No entanto, a fim de preservar o efeito útil do artigo 18.°, n.os 2 e 3, do Regulamento n.° 1/2003, a Comissão tem o direito de obrigar uma empresa a fornecer todas as informações necessárias relativas aos factos de que possa ter conhecimento e, se necessário, os documentos correlativos que estejam na sua posse, com a única condição de não impor à empresa a obrigação de fornecer respostas através das quais seja levada a admitir a existência da infração, cuja prova cabe à Comissão. Uma empresa à qual a Comissão envie um pedido de informações em aplicação das disposições do artigo 18.° do Regulamento n.° 1/2003 está, por conseguinte, vinculada a um dever de colaboração ativa e pode ser punida com uma coima específica, prevista nas disposições do artigo 23.°, n.° 1, daquele regulamento, que pode atingir 1% do seu volume de negócios total, se fornecer, deliberadamente ou por negligência, informações inexatas ou deturpadas. Daqui resulta que, no exercício dos seus poderes de plena jurisdição, o Tribunal Geral pode ter em conta, se for o caso, uma falta de colaboração de uma empresa e, consequentemente, majorar o montante da coima que lhe foi aplicada por violação dos artigos 101.° TFUE ou 102.° TFUE, desde que esta empresa não tenha sido punida por esse mesmo comportamento com uma coima específica, com base nas disposições do artigo 23.°, n.° 1, do Regulamento n.° 1/2003.

Tal poderia acontecer, por exemplo, caso uma empresa, em resposta a um pedido nesse sentido da Comissão, omitisse, deliberadamente ou por negligência, durante o procedimento administrativo, elementos determinantes para a fixação do montante da coima de que dispunha ou teria podido dispor à data da adoção da decisão impugnada. Se, no âmbito do exercício da sua plena jurisdição, o Tribunal não está impedido de tomar em consideração tais elementos, não é menos verdade que a empresa que só os revele na fase contenciosa e, desse modo, atente contra a finalidade e a boa condução do procedimento administrativo, se sujeita a que este facto seja tomado em consideração na determinação, pelo Tribunal, do montante adequado da coima.

Ora, a circunstância de uma empresa ter cometido erros quando forneceu à Comissão os dados necessários para o cálculo do valor das vendas pertinentes, uma vez que incluiu vendas relativas a outros produtos além dos produtos cartelizados, não permite considerar que essa empresa violou o seu dever de colaboração que resulta das disposições do artigo 18.° do Regulamento n.° 1/2003 de tal modo que deva ser tido em conta na fixação do montante da coima.
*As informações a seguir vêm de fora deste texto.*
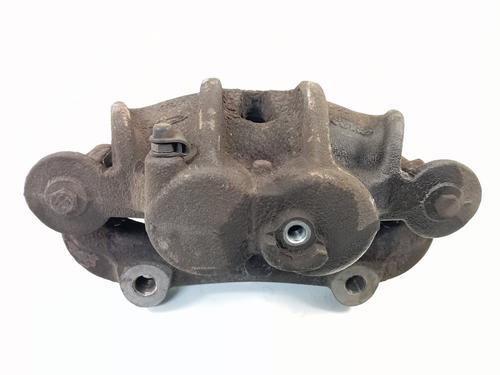 Right front brake caliper LAND ROVER DISCOVERY V (L462) 2.0 Td4 4x4 | BP22611423M104 
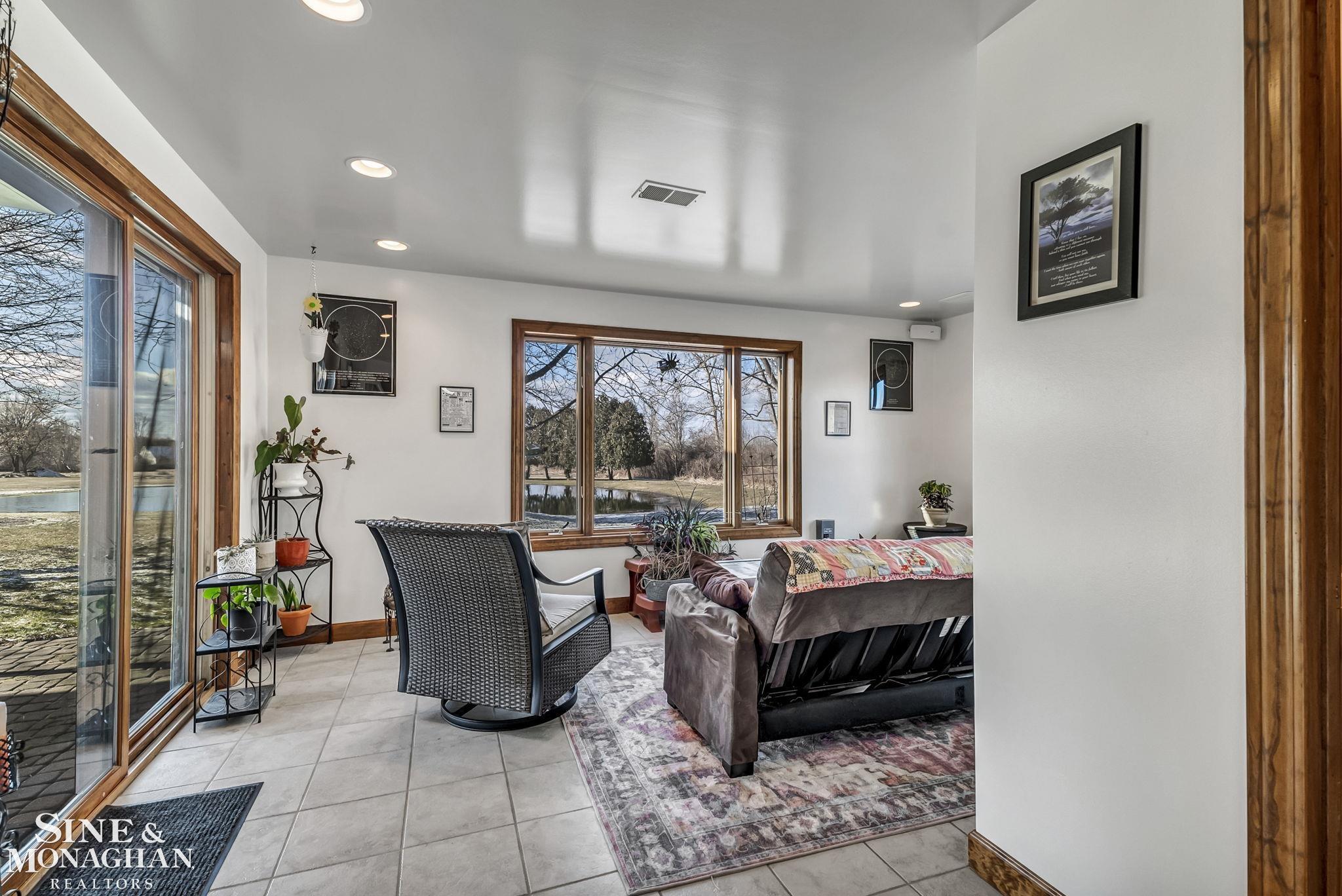 30500 Armada Ridge Road Richmond, MI 48062 - Photo 41 of 72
De facto, a empresa em causa não procurou induzir a Comissão em erro, nem lhe apresentou dados brutos, a partir dos quais a Comissão devia calcular o valor das vendas pertinentes, sem lhe prestar simultaneamente os esclarecimentos necessários para daí extrair os valores líquidos. A empresa contratou consultores externos especializados para poder fornecer os dados necessários à Comissão, mas cometeu a negligência de não explicar a esses consultores as diferenças existentes entre certas tipologias dos produtos em causa. A este respeito, a empresa não tinha manifestamente nenhum interesse em que a Comissão recebesse dados errados, que incluíssem as vendas de outros produtos além dos produtos cartelizados, uma vez que essas incorreções só podiam atuar em seu desfavor, tornando mais elevado o montante da coima que a Comissão lhe aplicaria.